Bellabeat Case Study

Author: Fiza Aslam

Date: 18/02/2023

This case study follows from the capstone project from the Google Data Analytics Course. I will be using the 6 step data analysis process for this case study: Ask, Prepare, Process, Analyze, Share and Act.

Background

Bellabeat is a high tech manufacturer focused on health products for women. As of now, Bellabeat is a small company which would like to to grow in the smart device market. The CEO believes that analyzing smart device data will allow the company to exploit opportunities to grow in a market where technology is always evolving. Therefore, our team has been asked to analyze smart device data to see how consumers are using their smart devices, and to provide high level reconmendations for Bellabeats marketing strategy.

1. Ask

Business Task: Analyze smart device usage data to see how consumers use non-Bellabeat products. Finalize insights into a report of analysis conducted and presentation on how Bellabeat should proceed with their products and marketing strategies.

Key stakeholders: women who use health products, Urska (CEO of Bellabeat), Sando (cofounder), executive team, Bellabeat marketing team, team of data analysts.

2. Prepare

Data source: https://www.kaggle.com/datasets/arashnic/fitbit CC0: Public Domain, dataset made available through Mobius.
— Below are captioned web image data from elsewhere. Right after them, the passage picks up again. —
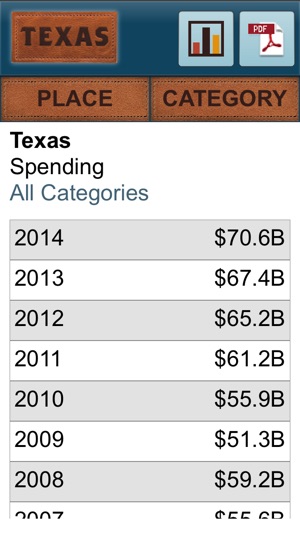 Texas Travel Impacts(圖4)-速報App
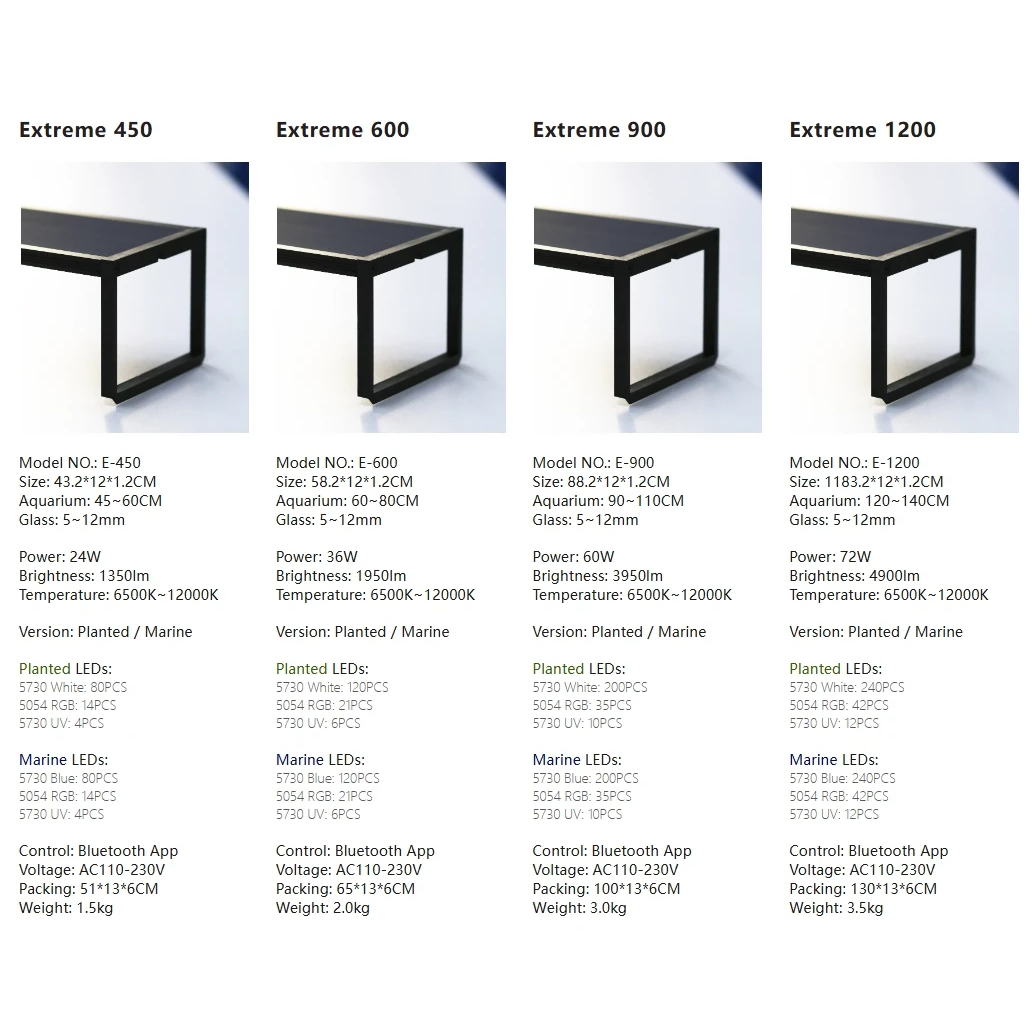 Lampe LED pour aquarium MICMOL - Plant Parent App avis et prix
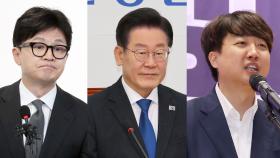 한동훈 '몸풀기'·이재명 대전행…개혁신당 새 당대표는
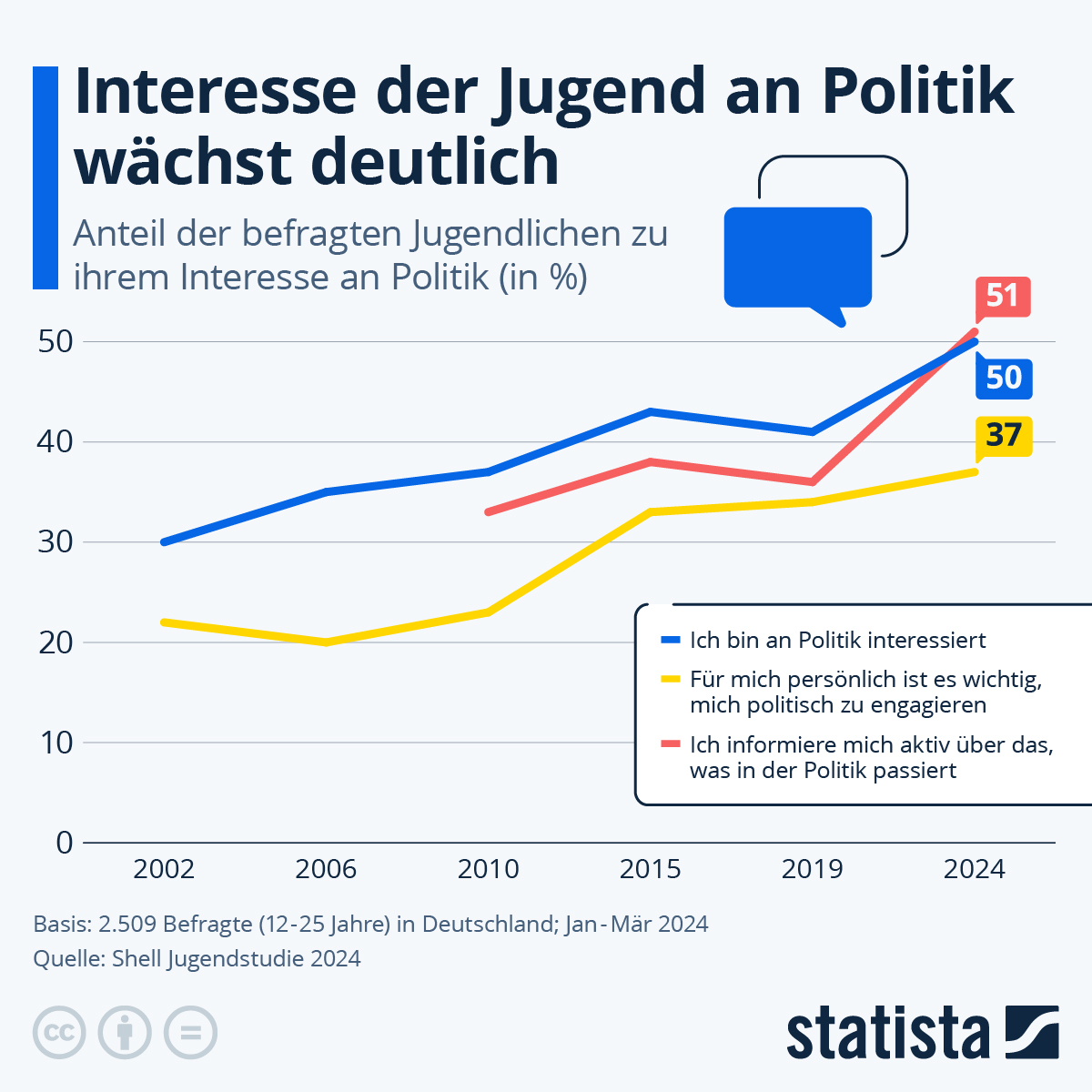 Infografik Shell-Jugendstudie 2024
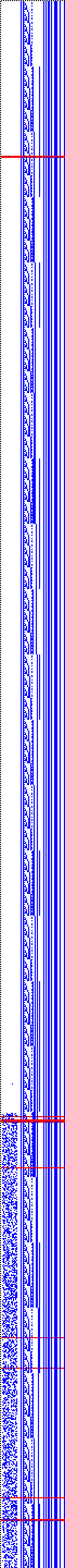 Bild: Logdateigrafik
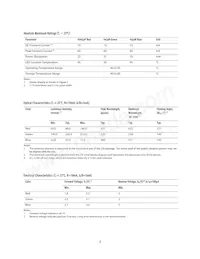 HSMF-C116 Datasheet Pagina 2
This dataset was generated by respondents to a distributed survey via Amazon Mechanical Turk between 12/03/2016-12/05/2016. Thirty eligible Fitbit users consented to the submission of personal tracker data. It includes 18 sets of data including types of daily activity. However, only 6 datasets are used: daily activity, weight log, sleep, hourly steps, hourly intensities and hourly calories. Rest of the datasets are irrelevant for this analysis.

Are there any issues with bias or credibitility of the data source - does it ROCCC?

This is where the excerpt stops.